En los primeros momentos, Pierre Calas declaró haber encontrado a su hermano tendido en el suelo; su padre, sin embargo, ya con el abogado presente, dice haber visto a su hijo colgado de la cuerda, que él mismo cortó para depositar el cuerpo en tierra. La diferencia entre el estrangulamiento y el suicidio suponía mucho más que un juicio: en primer lugar, el enterramiento del cadáver, que en caso de suicidio debería realizarse en un vertedero, y no en tierra santificada por cualquiera de las creencias en litigio. Pero la muy católica Toulouse no esperó a que los investigadores emitiesen una decisión: la cofradía de los penitentes blancos agitó al pueblo tolosano, se apoderó del cuerpo, lo llevó con gran pompa en procesión y lo enterró en la iglesia de Saint-Étienne como si se tratase de un mártir que había perecido defendiendo la fe de Roma. Por orden de la jerarquía eclesiástica, en todas las iglesias se leyó un monitorio donde se daba por sentado que el crimen se debía a razones de fe calvinista y se conminaba, so pena de excomunión, a declarar cuanto supiesen sobre la conversión de Marc-Antoine y su asesinato por motivos religiosos.

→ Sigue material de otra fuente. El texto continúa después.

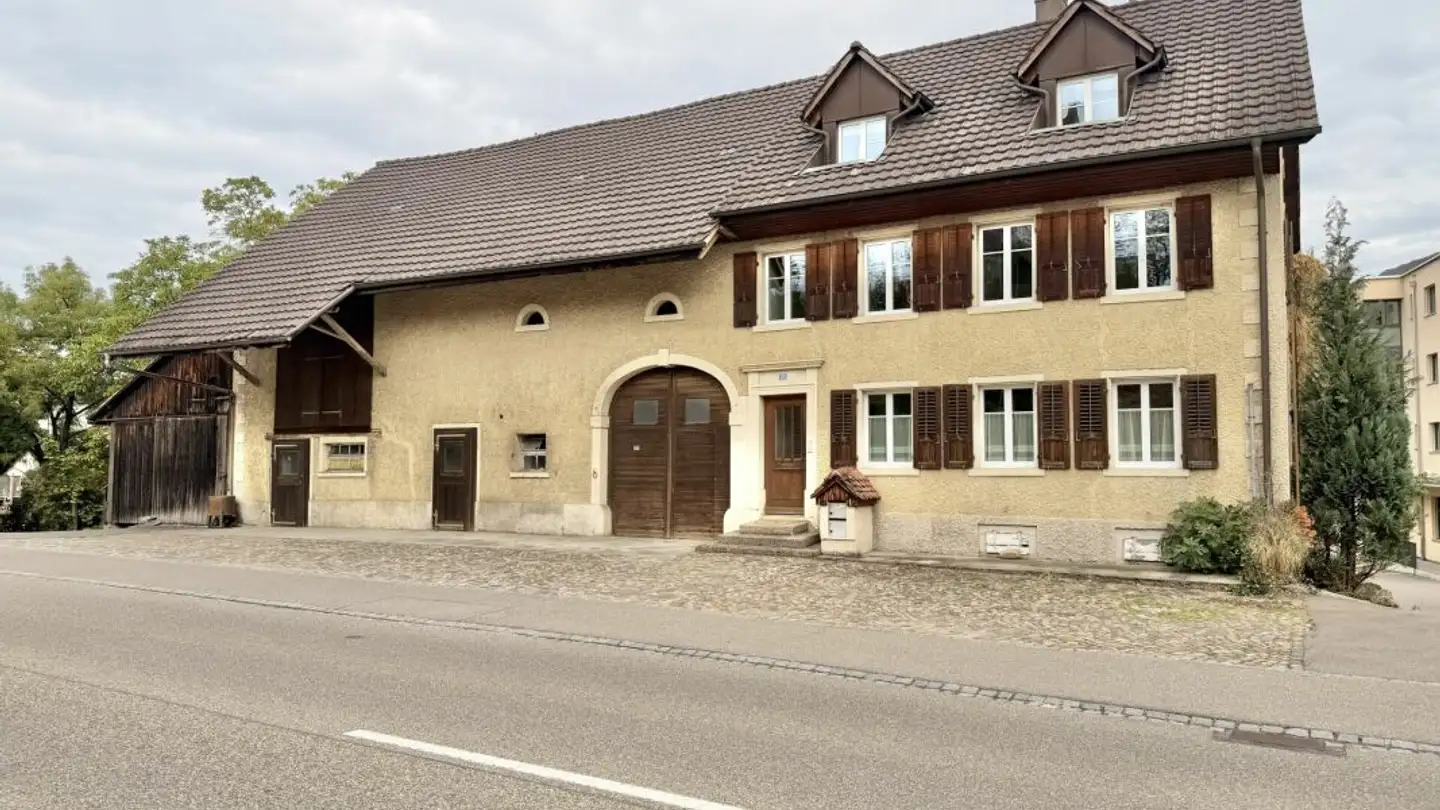 Wohnung mieten - Hauptstrasse 23, 5070 Frick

La primera investigación de David de Beaudrigue orientó sus búsquedas por las pistas que le marcaban los rumores populares, llegando a despreciar, por ejemplo, una que convertía la muerte de Marc-Antoine en asesinato puro y simple, por robo: esa misma tarde, Jean Calas había enviado a su hijo a cambiar dinero en luises de oro, luises que no aparecieron por ninguna parte, y cuya falta abría, por tanto, todo un abanico de posibilidades distintas que De Beaudrigue apenas vislumbró: desde que la víctima los hubiese perdido, en el juego o de otra forma, hasta que alguien ajeno a la familia estuviese acechando su vuelta para apoderarse de ese dinero a título de ladrón o como enviado de otras personas: se hicieron algunas pesquisas, muy pocas, entre las relaciones femeninas del joven.

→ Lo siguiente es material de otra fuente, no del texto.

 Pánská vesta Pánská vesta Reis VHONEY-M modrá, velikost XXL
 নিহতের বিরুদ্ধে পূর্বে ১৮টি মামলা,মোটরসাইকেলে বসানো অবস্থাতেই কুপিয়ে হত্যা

Pero Beaudrigue, enemigo declarado de los protestantes, desechó todas esas pistas durante la instrucción del caso y se reafirmó en el motivo de religión como causa del, por lo tanto, «asesinato». Hasta el punto de que la instrucción, cuando llegó a los jueces del parlamento de Toulouse, se rechazó, y fue menester empezar de nuevo; pero las rodadas de la instrucción anterior estaban abiertas y siguieron por ellas: no había pruebas para explicar la muerte, pero sí indicios, empezando por la presión de la opinión y siguiendo por las declaraciones contradictorias de Jean Calas y su hijo Pierre sobre la situación del cadáver en el momento en que fue hallado la noche del 13 de octubre. Para saber la verdad, y para que los reos se declarasen convictos, se sometió a tormento al matrimonio Calas y a su hijo, mientras a Lavaysse y a la criada solo se les amenazaba con él.

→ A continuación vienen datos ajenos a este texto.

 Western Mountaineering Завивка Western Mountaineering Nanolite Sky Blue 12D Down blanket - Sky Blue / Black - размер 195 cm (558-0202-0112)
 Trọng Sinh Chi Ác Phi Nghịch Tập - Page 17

Por ocho votos contra cinco, Jean Calas fue condenado a la pena capital el 9 de marzo de 1762; al día siguiente, llevado a la plaza pública, se le sometió a tortura ordinaria en la rueda —es decir, a ser roto en vivo mediante un sistema de poleas que tiraban de los cuatro miembros—, y a la «extraordinaria» —se le obligó a ingerir por la fuerza gran cantidad de agua con la esperanza de conseguir que se confesase autor de la muerte de su hijo; acto seguido fue estrangulado y luego quemado en la hoguera; si tortura y muerte castigaban el asesinato, el fuego era, según la propia sentencia, «una reparación a la religión, porque el feliz cambio que hacia ella había hecho su hijo ha sido verosímilmente la causa de su muerte»—. Se ejecutaba, por tanto, según el propio tribunal, a alguien que «verosímilmente» era autor de la muerte de Marc-Antoine Calas. Pero la sentencia iba más lejos: como el crimen era de religión, y estaba implicada toda la familia, el fiscal pidió —y así lo sentenciaron los jueces del parlamento de Toulouse—, además del ajusticiamiento del padre y de Pierre Calas, el ahorcamiento de la madre, dejando para una sentencia posterior el castigo que merecían el joven Lavaysse y la criada Jeanne Viguière por su complicidad.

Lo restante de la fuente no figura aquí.